Below are records; from the line containing "Kütahya'da kuyumcunun fazla" through the very last line, output each line exactly. No pictures.

::::::

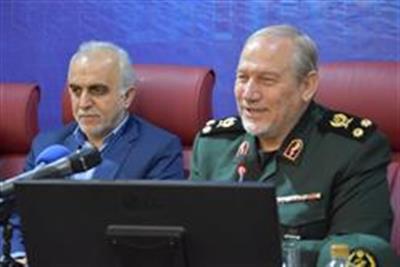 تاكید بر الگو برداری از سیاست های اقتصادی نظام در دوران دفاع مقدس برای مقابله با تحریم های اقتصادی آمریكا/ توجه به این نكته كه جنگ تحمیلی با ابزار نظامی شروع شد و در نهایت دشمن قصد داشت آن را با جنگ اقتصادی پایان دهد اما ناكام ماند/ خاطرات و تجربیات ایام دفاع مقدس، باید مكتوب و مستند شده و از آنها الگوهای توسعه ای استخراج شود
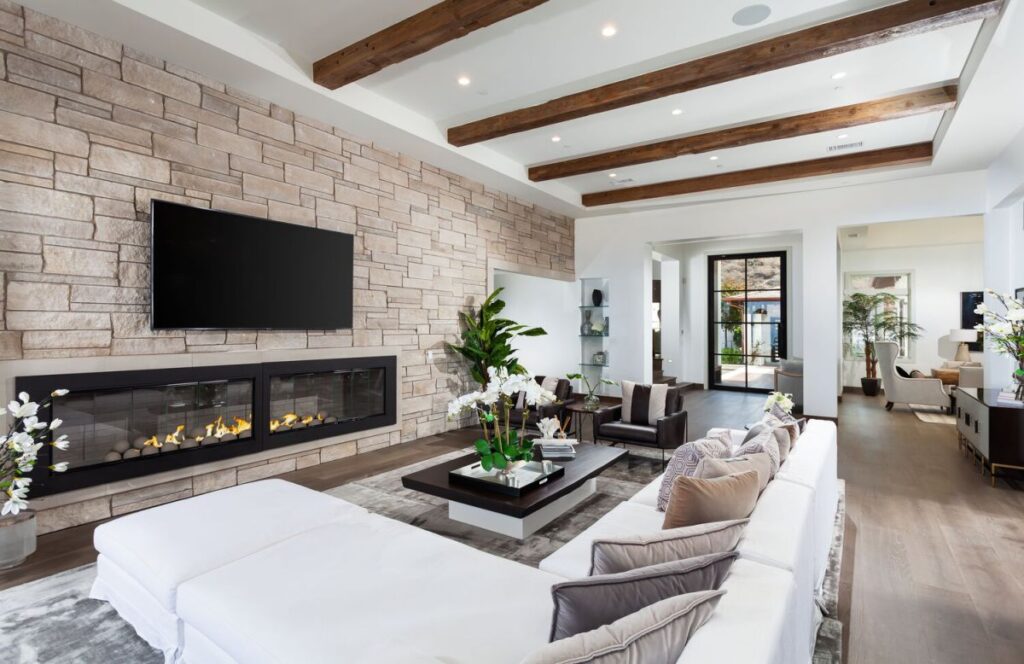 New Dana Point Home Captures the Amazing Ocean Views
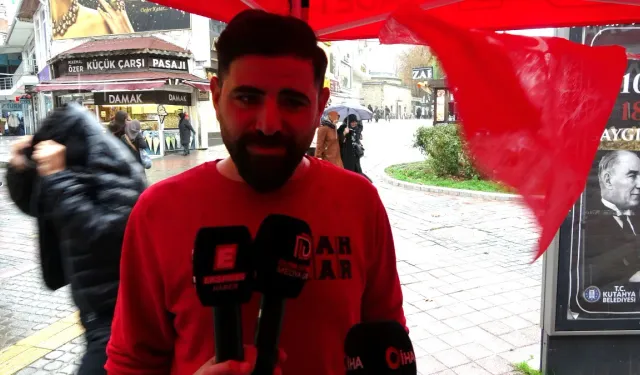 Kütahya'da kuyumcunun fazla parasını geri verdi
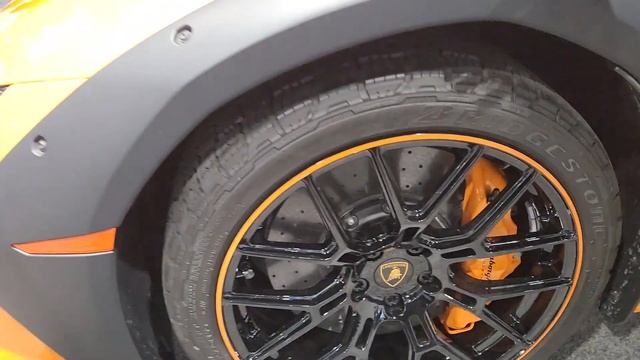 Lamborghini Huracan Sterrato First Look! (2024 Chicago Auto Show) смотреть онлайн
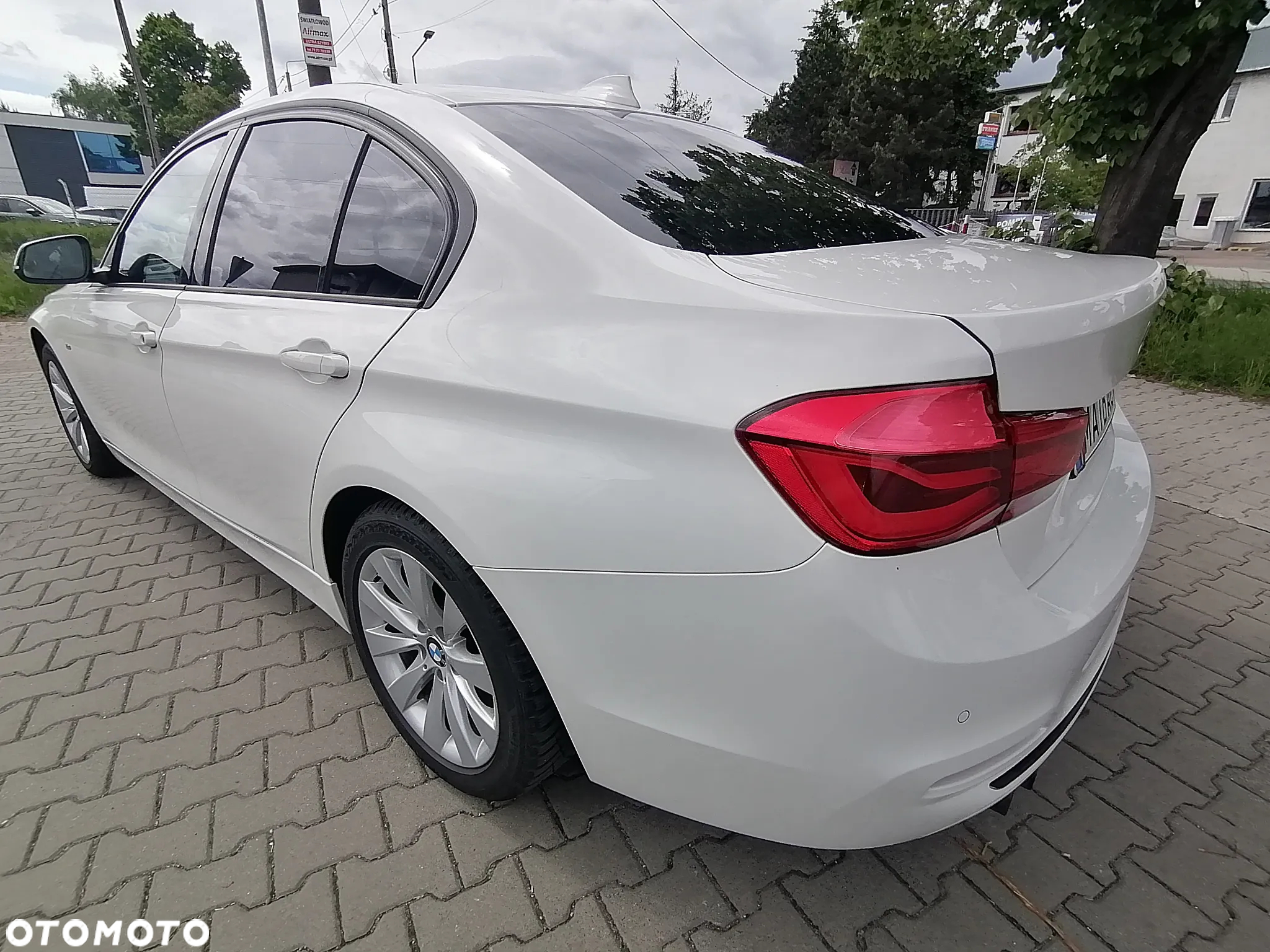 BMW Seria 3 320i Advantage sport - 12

::::::

* Your solution:
 Kütahya'da kuyumcunun fazla parasını geri verdi
 Lamborghini Huracan Sterrato First Look! (2024 Chicago Auto Show) смотреть онлайн
 BMW Seria 3 320i Advantage sport - 12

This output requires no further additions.